**Data shown:**
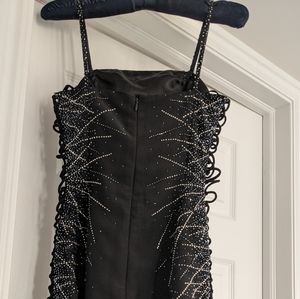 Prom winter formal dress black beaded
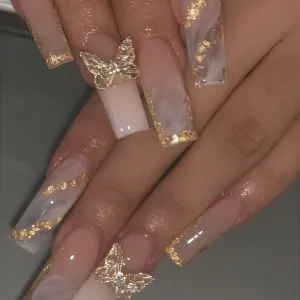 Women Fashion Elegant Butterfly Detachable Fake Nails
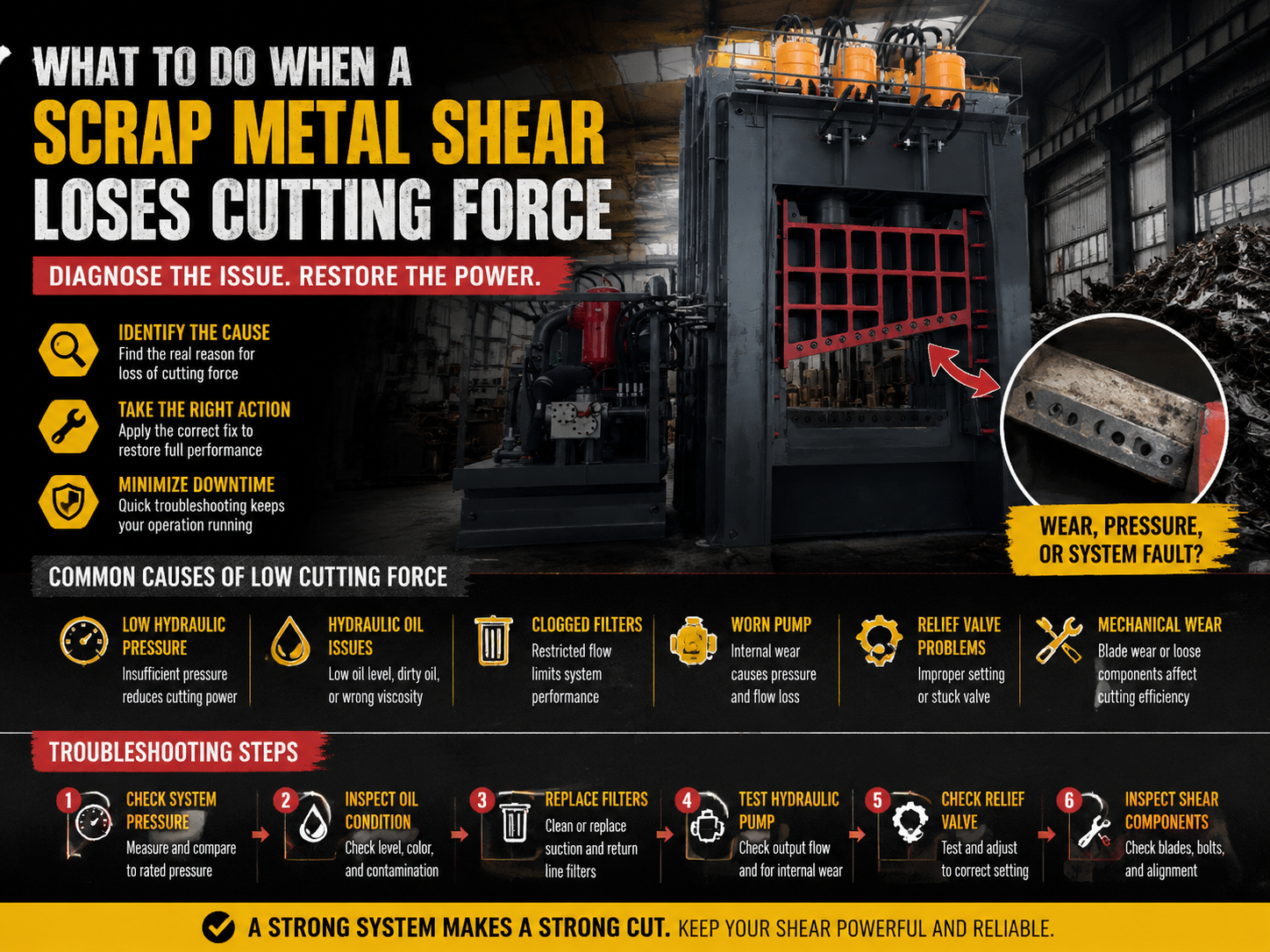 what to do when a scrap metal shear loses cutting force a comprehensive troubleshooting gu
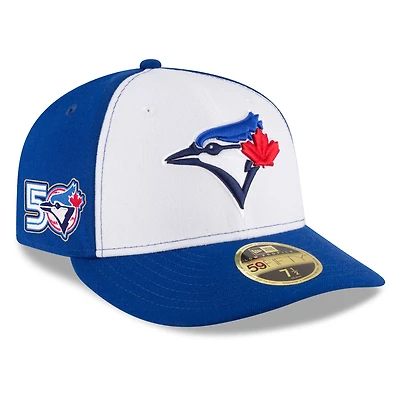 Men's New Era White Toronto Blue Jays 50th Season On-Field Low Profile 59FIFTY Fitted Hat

---

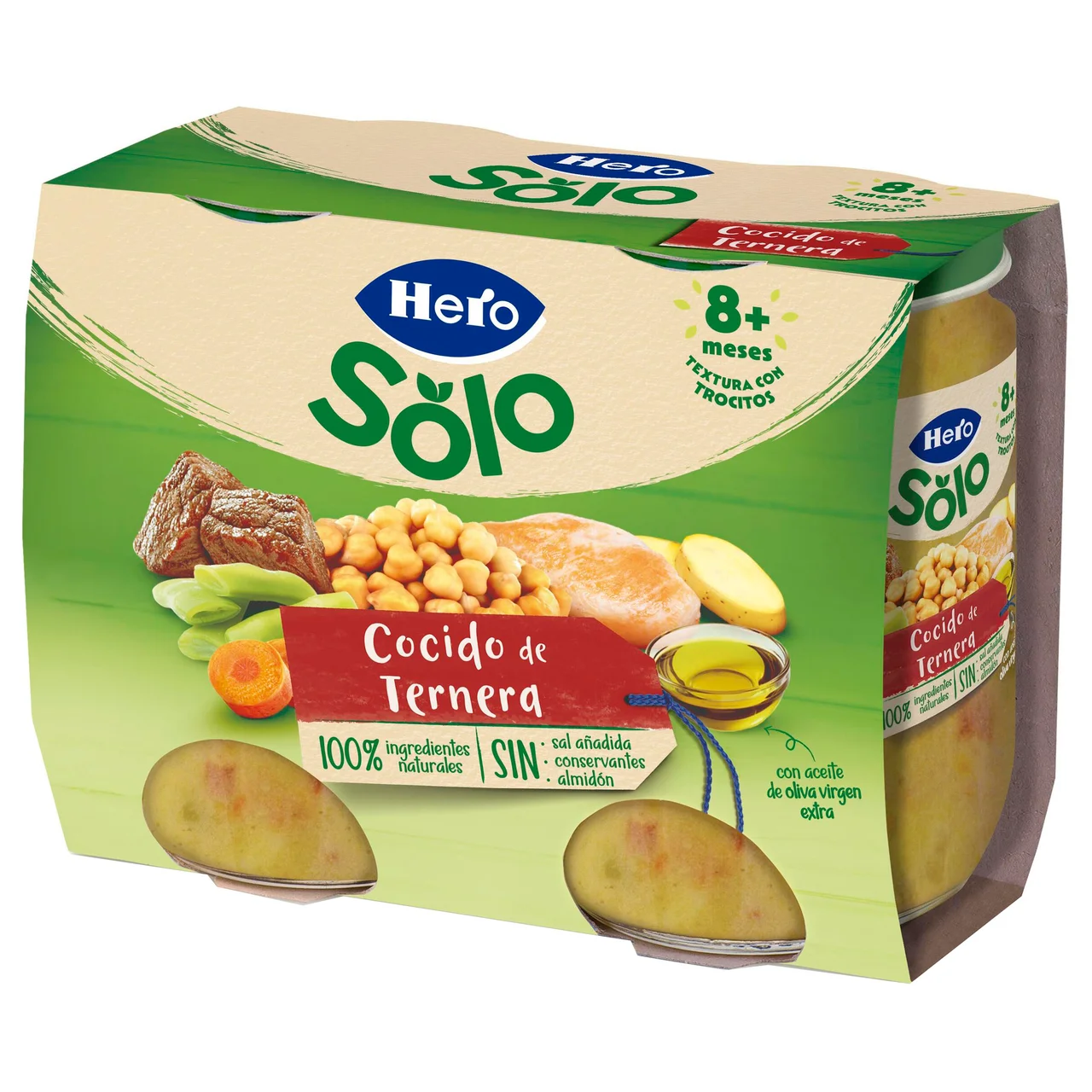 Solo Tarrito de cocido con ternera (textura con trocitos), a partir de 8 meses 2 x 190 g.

**Work task:** Exact copy, pictures excluded: every line above from the one containing "Prom winter formal dress black beaded" to the one containing "Men's New Era", inclusive, and nothing more.

**Response below:**
 Prom winter formal dress black beaded
 Women Fashion Elegant Butterfly Detachable Fake Nails
 what to do when a scrap metal shear loses cutting force a comprehensive troubleshooting gu
 Men's New Era White Toronto Blue Jays 50th Season On-Field Low Profile 59FIFTY Fitted Hat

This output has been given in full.